Brief —
Using the records below, transcribe word for word the stretch from the line that contains "New 2026 Lincoln Navigator L Reserve image 3" through the line that contains "Blondebitch2748 OnlyFans Thumbnail", both end lines included, and nothing else.
──────── Data records
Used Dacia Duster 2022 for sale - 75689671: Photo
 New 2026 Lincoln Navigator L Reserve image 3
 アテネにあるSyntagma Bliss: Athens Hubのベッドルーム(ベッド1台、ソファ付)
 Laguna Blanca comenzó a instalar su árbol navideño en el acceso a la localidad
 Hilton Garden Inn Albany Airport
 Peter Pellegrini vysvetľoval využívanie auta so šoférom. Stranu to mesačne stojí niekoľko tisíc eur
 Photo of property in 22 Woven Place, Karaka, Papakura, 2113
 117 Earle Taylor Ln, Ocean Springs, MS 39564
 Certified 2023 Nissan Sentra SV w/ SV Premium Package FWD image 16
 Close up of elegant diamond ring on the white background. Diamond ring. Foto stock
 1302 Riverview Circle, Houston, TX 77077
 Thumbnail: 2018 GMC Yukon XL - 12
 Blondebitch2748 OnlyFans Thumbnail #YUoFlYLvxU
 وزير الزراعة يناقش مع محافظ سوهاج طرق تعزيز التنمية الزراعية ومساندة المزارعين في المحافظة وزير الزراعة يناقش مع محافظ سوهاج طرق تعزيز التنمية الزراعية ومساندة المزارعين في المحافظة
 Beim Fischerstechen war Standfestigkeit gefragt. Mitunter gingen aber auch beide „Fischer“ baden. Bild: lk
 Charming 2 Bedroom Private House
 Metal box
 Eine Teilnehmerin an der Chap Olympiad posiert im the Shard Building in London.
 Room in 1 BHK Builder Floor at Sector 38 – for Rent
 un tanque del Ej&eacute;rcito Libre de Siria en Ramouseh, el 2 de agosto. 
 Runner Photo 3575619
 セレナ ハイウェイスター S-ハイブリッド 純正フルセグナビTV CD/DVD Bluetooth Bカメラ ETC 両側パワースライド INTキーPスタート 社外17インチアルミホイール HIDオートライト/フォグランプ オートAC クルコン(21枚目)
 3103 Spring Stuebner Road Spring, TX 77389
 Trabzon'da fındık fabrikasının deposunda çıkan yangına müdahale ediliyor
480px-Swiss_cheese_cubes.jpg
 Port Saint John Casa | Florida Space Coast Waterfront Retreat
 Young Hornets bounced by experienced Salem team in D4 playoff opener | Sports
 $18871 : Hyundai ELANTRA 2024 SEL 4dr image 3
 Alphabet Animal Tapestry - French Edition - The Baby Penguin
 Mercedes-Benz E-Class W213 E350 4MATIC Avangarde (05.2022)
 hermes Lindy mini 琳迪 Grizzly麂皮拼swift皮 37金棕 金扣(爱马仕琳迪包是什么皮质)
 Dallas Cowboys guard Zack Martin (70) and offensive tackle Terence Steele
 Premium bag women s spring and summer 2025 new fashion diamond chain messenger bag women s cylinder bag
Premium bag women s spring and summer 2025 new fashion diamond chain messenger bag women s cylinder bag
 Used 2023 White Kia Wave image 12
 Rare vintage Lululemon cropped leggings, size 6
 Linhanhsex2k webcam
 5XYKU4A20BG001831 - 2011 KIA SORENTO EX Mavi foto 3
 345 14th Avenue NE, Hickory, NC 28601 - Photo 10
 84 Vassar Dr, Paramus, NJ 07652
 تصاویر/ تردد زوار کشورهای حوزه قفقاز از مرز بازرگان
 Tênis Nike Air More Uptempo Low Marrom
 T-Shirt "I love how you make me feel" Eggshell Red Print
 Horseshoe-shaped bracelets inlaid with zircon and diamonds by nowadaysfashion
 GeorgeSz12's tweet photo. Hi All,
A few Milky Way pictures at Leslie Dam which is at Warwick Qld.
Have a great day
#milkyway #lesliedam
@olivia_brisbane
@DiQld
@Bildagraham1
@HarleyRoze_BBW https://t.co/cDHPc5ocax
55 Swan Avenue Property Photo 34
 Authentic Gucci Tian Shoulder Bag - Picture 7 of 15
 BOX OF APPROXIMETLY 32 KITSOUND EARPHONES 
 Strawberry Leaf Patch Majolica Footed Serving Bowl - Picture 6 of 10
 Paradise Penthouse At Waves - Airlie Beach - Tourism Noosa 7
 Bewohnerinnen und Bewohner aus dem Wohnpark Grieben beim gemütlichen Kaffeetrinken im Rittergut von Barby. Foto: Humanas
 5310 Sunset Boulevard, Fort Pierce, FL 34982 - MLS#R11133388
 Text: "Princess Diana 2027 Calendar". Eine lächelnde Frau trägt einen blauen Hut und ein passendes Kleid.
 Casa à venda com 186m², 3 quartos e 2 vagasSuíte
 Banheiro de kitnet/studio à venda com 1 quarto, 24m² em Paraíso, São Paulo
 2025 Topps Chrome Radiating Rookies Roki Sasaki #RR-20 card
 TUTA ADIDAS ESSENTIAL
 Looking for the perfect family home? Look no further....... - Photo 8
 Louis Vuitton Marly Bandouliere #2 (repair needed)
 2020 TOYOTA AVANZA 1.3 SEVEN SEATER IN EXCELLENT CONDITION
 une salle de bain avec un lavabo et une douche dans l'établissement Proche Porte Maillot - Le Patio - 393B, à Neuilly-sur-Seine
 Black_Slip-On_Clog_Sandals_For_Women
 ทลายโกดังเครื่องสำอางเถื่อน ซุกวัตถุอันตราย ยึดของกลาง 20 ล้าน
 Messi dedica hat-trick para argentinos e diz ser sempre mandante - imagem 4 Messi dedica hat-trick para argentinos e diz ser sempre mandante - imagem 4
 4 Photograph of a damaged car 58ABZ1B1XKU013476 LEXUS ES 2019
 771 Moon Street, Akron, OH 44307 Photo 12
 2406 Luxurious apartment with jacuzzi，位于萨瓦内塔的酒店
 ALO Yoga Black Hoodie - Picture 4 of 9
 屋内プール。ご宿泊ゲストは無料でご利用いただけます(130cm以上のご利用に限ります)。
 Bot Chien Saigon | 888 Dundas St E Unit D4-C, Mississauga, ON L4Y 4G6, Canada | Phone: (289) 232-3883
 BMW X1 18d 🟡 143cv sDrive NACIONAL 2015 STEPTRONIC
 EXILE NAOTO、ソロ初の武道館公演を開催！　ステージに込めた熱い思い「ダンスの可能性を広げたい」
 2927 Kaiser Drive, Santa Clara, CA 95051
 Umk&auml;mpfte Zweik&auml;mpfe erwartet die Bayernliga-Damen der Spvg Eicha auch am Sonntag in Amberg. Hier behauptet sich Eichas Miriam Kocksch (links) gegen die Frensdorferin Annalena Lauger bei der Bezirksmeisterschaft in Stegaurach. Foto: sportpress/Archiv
────────────────
Solution for this exercise —
 New 2026 Lincoln Navigator L Reserve image 3
 アテネにあるSyntagma Bliss: Athens Hubのベッドルーム(ベッド1台、ソファ付)
 Laguna Blanca comenzó a instalar su árbol navideño en el acceso a la localidad
 Hilton Garden Inn Albany Airport
 Peter Pellegrini vysvetľoval využívanie auta so šoférom. Stranu to mesačne stojí niekoľko tisíc eur
 Photo of property in 22 Woven Place, Karaka, Papakura, 2113
 117 Earle Taylor Ln, Ocean Springs, MS 39564
 Certified 2023 Nissan Sentra SV w/ SV Premium Package FWD image 16
 Close up of elegant diamond ring on the white background. Diamond ring. Foto stock
 1302 Riverview Circle, Houston, TX 77077
 Thumbnail: 2018 GMC Yukon XL - 12
 Blondebitch2748 OnlyFans Thumbnail #YUoFlYLvxU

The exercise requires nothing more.